I’ve not held what anyone would call a “normal” job for over ten years. I haven’t had a 52 week a year, 7 day a week, 8 hour a day career for, really, my entire adult life. That’s okay by me… it’s actually my choice. I’m easily bored and frankly hate knowing more or less precisely what I’ll be doing day in and day out for the foreseeable future. There’s nothing more terrifying than a long, flat, and clearly defined career path stretching unchanged into the future.
There’s one thing more terrifying… a fog shrouded, forested, barely defined career path that is nearly invisible and not marked with any type of discernible sign posts.
And that’s where I find myself, digging around poking bushes, and hoping that someone will come along with a map of some sort.
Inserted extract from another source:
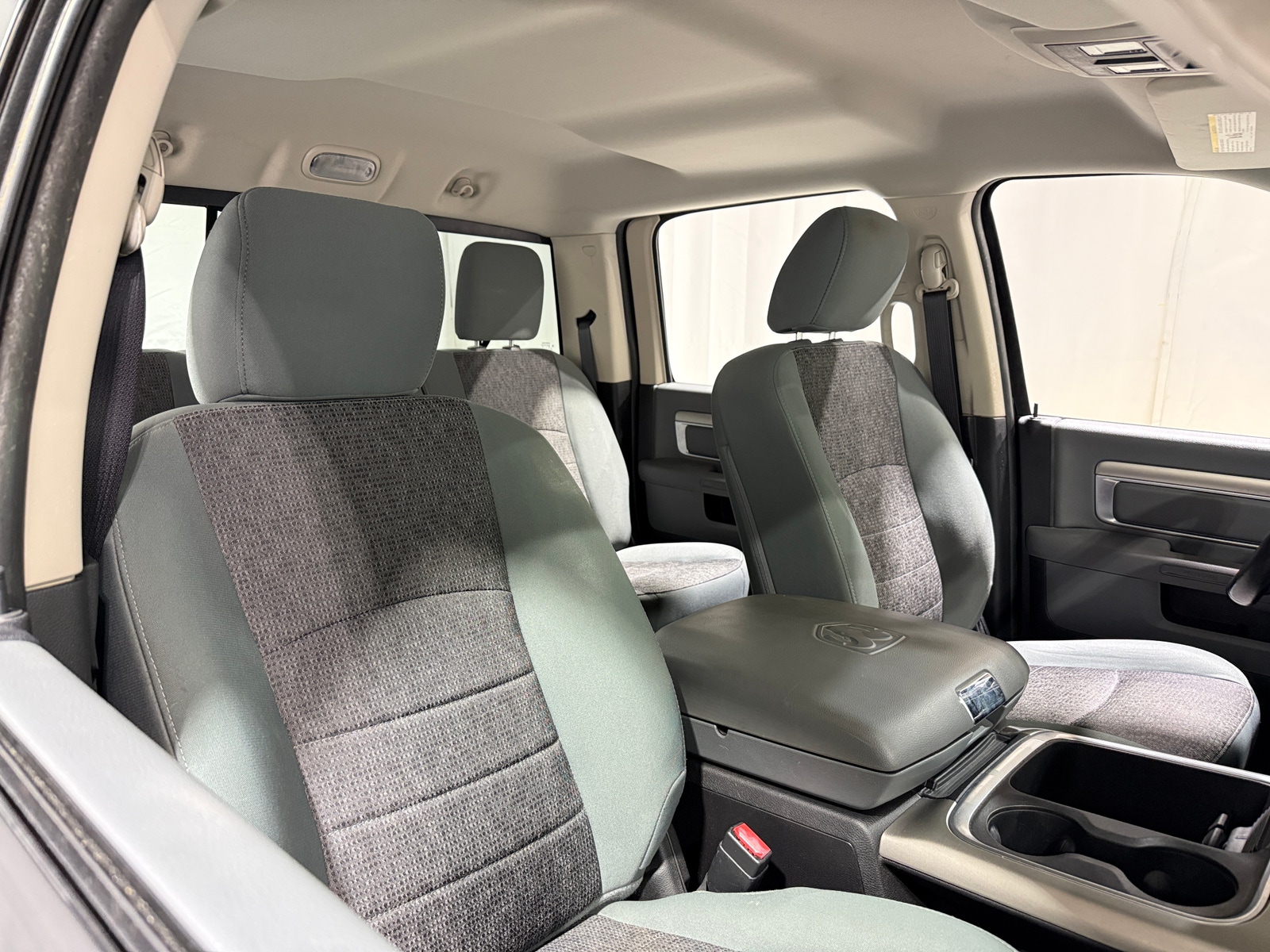 Thumbnail: 2016 RAM 1500 - 2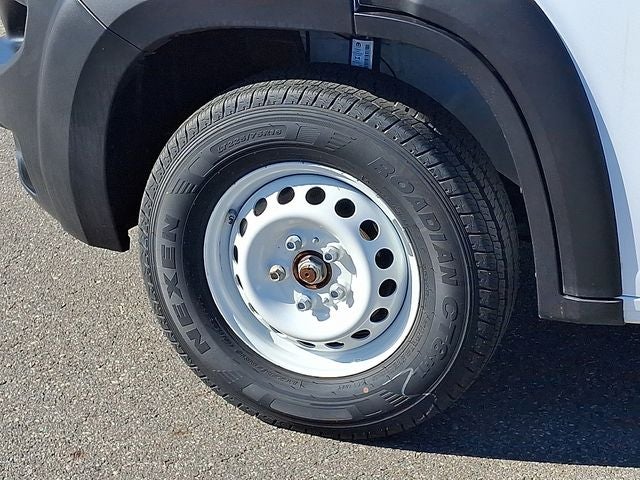 2024 RAM ProMaster 2500 High Roof 136 WB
To fill you in, I’m a freelance costumer in the film industry. And yes that title is just as vague as it sounds. Ultimately, I’m a designer, hopefully building towards major motion pictures and t.v. series. But that’s all the way down this scary path, and there are so many forks in the road I’m not sure I’ll ever get there some days. I’ve had a lot of steps forward, and a few back… but I’m still wandering around just a little bit lost and hoping that I’m making good choices.
Most recently I had the good fortune to be offered some work on a rather great major network show. The original offer was for three weeks in a position that I’m not fond off, which is referred to as the “truck supervisor” (laundry, ridiculously early hours, long days, and taking crap from everyone), with possibility for further employment in a position that I much prefer. Half way through my three weeks, I was tentatively offered the truck position for the rest of the season (6 months of work in the film industry is about as close to job security as a person can get) and I found myself in a conundrum.
Would I take the very good money and secure pay in a position I neither enjoy nor find my strong suit… or would I walk back out into the woods of uncertainty?
Several factors came into play in my decision. The show is great, the crew friendly, the actors lovely, most of my department a delight to work with and people I could learn a lot from. The position owns your life, leaves you physically and emotionally drained, gives you about 1.5 days off a week. Every decision has its pros and cons. And it basically came down to this:
Would keeping this position make me happy… probably not. So if not, would I feel it was advancing my career or teaching me skills that I needed and didn’t already have… also, not so much.
So I did the unthinkable.
I very politely responded that I was probably not the best choice to take the position for the full season, and walked away from the job.
So here I am, wandering on this bloody overgrown path hoping another fork in the road will appear to take me a little further on towards my goal… I could really use a flashlight.